7. I have consistent traffic and it’s a larger audience than I expected

Needs Improvement:
1. Traffic.  Seeing the increase in traffic lets me know I could further push my traffic.  I read an article that suggests “rapid growth” daily bloggers see comes from their ability to reach 100 posts quickly.  I can‘t increase my post rate and I can’t merge my two blogging homes to one, but I can know it will take at least 100 posts with sources, links, pics, and promotion before I see my full growth potential.  We are speaking of   another 60-ish posts to this blog and  60 to my other blog.  I have a year before I see true gains.
2. Self promotion.  I headed in the right direction by increasing links to Twitter, posting to Google+, and sharing on Facebook, but I need to do this more AND I need to interact on some Facebook Groups and Google+ groups.  This will be a slow process.  Twitter time has to come down and then I can explore one of these outlets.
3.  Actual writing.  I have a HUGE list of blog topics.  This update for example, is about 6 weeks overdue I wanted a 10 week update, but ideas and scheduling just keep getting the way.  On one side, it‘s comforting to know I have a mountain of content to cover.  On the other side, it‘s discouraging I have more stuff to pile on and write than I know what to do with.

What I’m Doing:
1. Going through my list of blogging topics and writing them.
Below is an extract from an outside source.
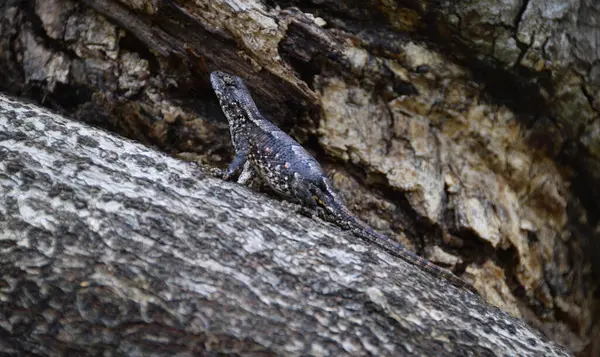 Dişi Çayır Kertenkelesi ağaç kabuğuna karşı kamufle oluyor.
Special focus on keeping my series alive this includes “Best of Kindle Unlimited”, “Bells and Whistles”, “Be Bold”(only has three installments, two are written and scheduled), “Monday Metrics”, “Tell All Tuesday”,  and “Let’s Get Organized” (Series I haven‘t even started).  I’m looking to touch base with each of these projects once a month until the series reach their natural conclusion.  
2. I’m mapping a series called “Writing Cliches” or “Writing Sins” I want to look at it both from a writing and reading perspective.  Why do these things exist, when do they work, when they don’t work, and what to do instead?  The series would tie in with #writetip and #HorribleWriteTip on Twitter.  
3. Playing with a “Story Time” or “Reflections" style post where I write about different writing tools, phases, and so on I went through.  My Niche Blogging post falls into this category and I wrote a “what softwares I‘ve used to write a novel” that fits here too.  I’m just considering what else I‘d share in this series/title and if it has cross over potential to the NAWG blog.
3. Have shorter posts.  Blogs should be 300-1,000 words.  I fail at this and need to break posts up.  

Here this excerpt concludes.